LTIMindtree, which are among to stocks to be excluded from Nifty 50 in the September rejig, saw its shares rallying 8 per cent in Wednesday’s trade after Kotak Institutional Equities upped its rating to ‘ADD’ against “Reduce’ earlier and upgraded its target price to Rs 6,200 from Rs 5,500 earlier, saying the IT major will be a key beneficiary of the recovery in the impacted segments of banking and financial services (BFS) and hi-tech sectors

Key drivers behind the LTIMindtree upgrade:

Anticipated recovery in key segments

Analysts project that dollar revenue growth for LTIM will increase to 6.5 per cent in FY25 and accelerate further to 11 per cent in FY26, up from 4.4 per cent in FY24. This growth is expected to stem from a recovery in major verticals like BFSI and hi-tech.

Kotak Institutional Equities suggests that LTIM stands to benefit considerably from this recovery, particularly in the US market, where increased tech spending is anticipated.

LTIM’s presence in rapidly improving areas such as capital markets, risk and compliance, and core modernisation positions it well.
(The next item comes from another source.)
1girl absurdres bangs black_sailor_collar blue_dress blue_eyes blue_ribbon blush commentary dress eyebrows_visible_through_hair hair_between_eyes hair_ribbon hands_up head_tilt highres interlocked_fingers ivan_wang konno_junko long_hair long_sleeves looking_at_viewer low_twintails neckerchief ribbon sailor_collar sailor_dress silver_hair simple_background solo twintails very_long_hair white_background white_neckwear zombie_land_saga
Additionally, LTIM is likely to gain from consolidation deals within the banking sector, including partnerships with clients like ABSA. While there are challenges in the retail and manufacturing sectors, these are expected to be manageable, analysts opined.

Expect consistent strong growth

LTIM is known for its high-quality, scalable client base across various verticals. The company’s expertise in cloud computing, modern ERP, data analytics, AI, industry-specific solutions, SaaS implementation, and IT operations, analysts said, allows it to capture a broad market within clients’ IT budgets.

The absence of a BPO segment, which is vulnerable to disruptions from generative AI, analysts believe, could be advantageous. LTIM’s position as a strong challenger vendor benefits from the increasing acceptance of niche and challenger vendors by enterprises.

Senior management attrition slows slightly

Leadership departures have eased slightly over the past 3-4 months following a spike in exits earlier this year. While analysts anticipate greater stability, departures remain a possibility due to high demand for senior talent.

Notably, the head of delivery for India, APJ, and the Middle East left the company in August.

Thus, analysts opined, maintaining a stable leadership team is essential for achieving the merger’s revenue synergy goals, though the current team still comprises many capable individuals who can drive growth.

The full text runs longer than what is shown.